Hasta hace poco algunos cines “plus” ofrecían además la posibilidad de embriagarse, como sucede en España, pues junto a la dulcería se improvisaron unos pequeños bares. Pero eso tuvo poca vigencia, tal vez debido a problemas de mantenimiento, o a que la clientela borracha se ponía más necia a la hora de exigir una buena proyección. 

Recientemente un par de películas italianas, Splendor, de Ettore Scola, y Cinema Paradiso, de Guiseppe Tornatore, han llorado la inminente desaparición de la sala cinematográfica. Si eso se cumple, podremos consolarnos con el hecho de que también desaparecerán las dulcerías. Esta vida siempre ofrece compensaciones


Dos notas

Originalmente, este texto apareció el 12 de agosto de 1990 en el suplemento ‘Dominical’ del diario El Nacional. 

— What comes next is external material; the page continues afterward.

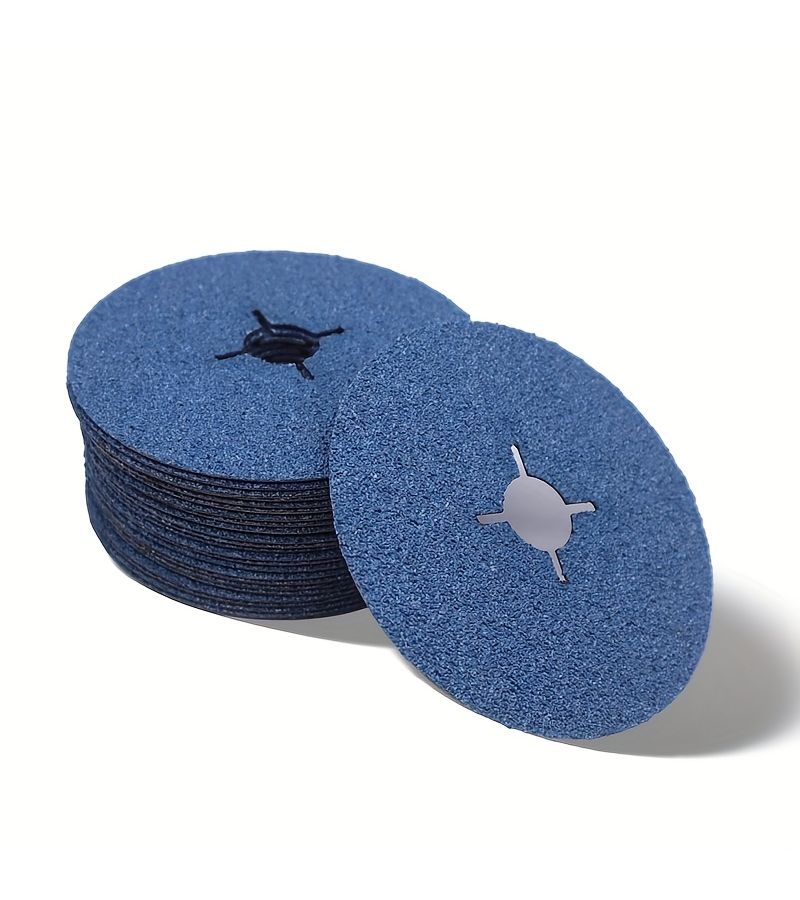 25 Pack 5 Inch Zirconia Sanding Discs 125mm 22mm Grit P60 - Image 4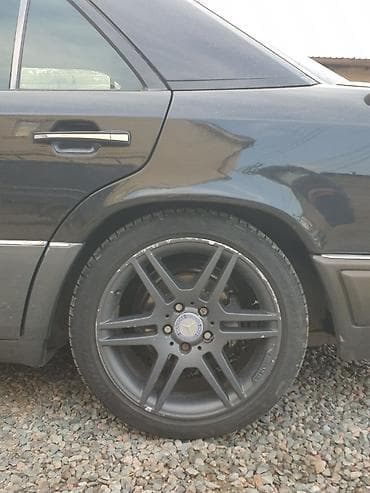 bbs diska: Литые Диски R 18 Mercedes-Benz, Комплект, отверстий - 5, Б/у — 2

El cine Continental abrió en 1958 en la esquina de Xola y avenida Coyoacán, colonia del Valle, Distrito Federal. Durante algo más de quince años funcionó como sala de estrenos nacionales y extranjeros para público de cualquier edad. En 1974 fue reinaugurado como La Casa Disney, con estrenos y reestrenos exclusivamente infantiles. Para 1990, como una gran cantidad de cines del DF, se encontraba en decadencia. En 1998 lo convirtieron en multiplex. Cerró definitivamente diez años después. Ahora es un Superama.